Segment Start: PROVIDED MATERIAL
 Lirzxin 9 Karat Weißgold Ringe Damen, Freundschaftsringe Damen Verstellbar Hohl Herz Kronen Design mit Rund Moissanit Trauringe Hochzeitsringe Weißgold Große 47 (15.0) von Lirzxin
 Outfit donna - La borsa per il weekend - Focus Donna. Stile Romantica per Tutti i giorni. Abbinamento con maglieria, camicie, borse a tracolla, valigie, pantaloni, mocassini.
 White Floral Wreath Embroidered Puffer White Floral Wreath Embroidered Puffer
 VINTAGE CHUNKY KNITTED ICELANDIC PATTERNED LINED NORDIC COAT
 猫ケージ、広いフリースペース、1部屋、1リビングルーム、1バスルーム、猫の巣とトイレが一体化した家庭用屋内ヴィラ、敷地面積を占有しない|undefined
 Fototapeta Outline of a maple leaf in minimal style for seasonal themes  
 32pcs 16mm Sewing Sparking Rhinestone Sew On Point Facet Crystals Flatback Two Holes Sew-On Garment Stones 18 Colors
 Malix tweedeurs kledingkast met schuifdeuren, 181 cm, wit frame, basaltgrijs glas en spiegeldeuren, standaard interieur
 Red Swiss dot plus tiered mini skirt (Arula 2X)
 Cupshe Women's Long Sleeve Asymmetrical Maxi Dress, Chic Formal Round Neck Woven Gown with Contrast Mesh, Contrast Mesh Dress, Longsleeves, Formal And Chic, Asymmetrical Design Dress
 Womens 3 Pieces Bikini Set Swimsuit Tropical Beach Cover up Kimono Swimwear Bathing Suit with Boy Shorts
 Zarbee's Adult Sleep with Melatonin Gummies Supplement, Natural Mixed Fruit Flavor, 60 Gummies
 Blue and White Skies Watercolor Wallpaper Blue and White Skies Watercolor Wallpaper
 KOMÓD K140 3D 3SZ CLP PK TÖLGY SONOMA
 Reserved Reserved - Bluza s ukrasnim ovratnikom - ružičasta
Segment End: PROVIDED MATERIAL
* **PROBLEM DESCRIPTION**
Scan the lines above for the word "White". Return each one that has it.

* **SOLUTION TO THIS EXERCISE**
 White Floral Wreath Embroidered Puffer White Floral Wreath Embroidered Puffer
 Blue and White Skies Watercolor Wallpaper Blue and White Skies Watercolor Wallpaper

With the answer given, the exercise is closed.